Proprio l’anno prima al Lincoln Memorial Martin Luther King aveva smosso le persone con il suo discorso più celebre, quell’I-Have-A-Dream scandito dalle ripetizioni del refrain Now is the time – che ricordava la canzone del musicista jazz Charlie Parker. Il tempo di Parker è quello della musica, e del suo modo speciale di suonarla, quello che presto lo fece distinguere come il solitario della scena jazz, il più pazzo e illogico di tutti. Anche Martin Luther King usa il tempo nel suo discorso, scandendo Now is the time per quattro volte.
Now is the time to make real the promises of democracy. Now is the time to rise from the dark and desolate valley of segregation to the sunlit path of racial justice. Now is the time to lift our nation from the quicksands of racial injustice to the solid rock of brotherhood. Now is the time to make justice a reality for all of God’s children. (Martin Luther King)

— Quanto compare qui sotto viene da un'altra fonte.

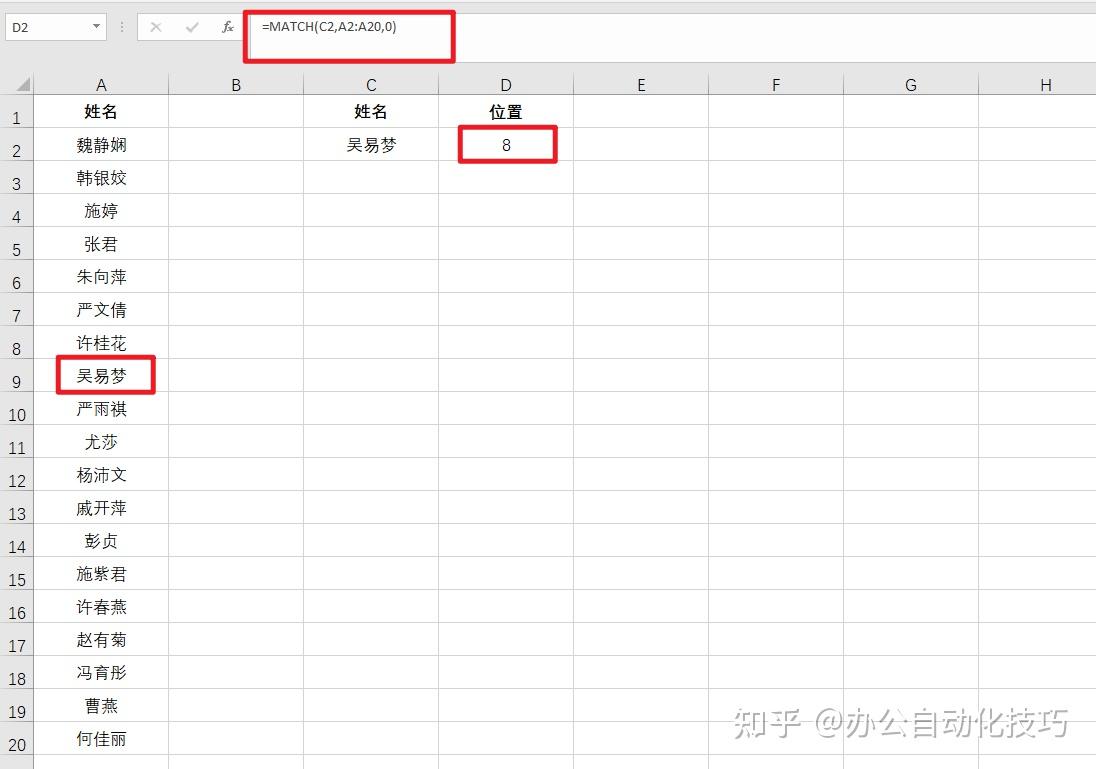 Excel 函数界的最佳匹配-MATCH函数 - 知乎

La musica per King è uno dei grandi motori del cambiamento sociale e della lotta per i diritti civili d’America. Del resto quella della musica jazz era stata un’esperienza di grande connessione – dai bar di New Orleans quella musica era arrivata a girare il mondo, e chi aveva bollato il jazz come musica per selvaggi, primitivi e rozzi, poi si era messo ad ascoltarlo, così le case e i bar si lasciavano travolgere da quel suono. Ecco come il jazz aveva mosso il cambiamento, e Martin Luther King poteva vederlo chiaramente. Poco prima di essere assassinato a Memphis nel ’68 King aveva chiesto a Ben Branch di suonare una canzone quella sera, una delle sue preferite, Take My hand, My Precious Lord. Non l’avrebbe più sentita suonare, né avrebbe sentito Mahalia Jackson cantarla il giorno del suo funerale. Eppure ci sono canzoni che ancora ci agitano i cuori.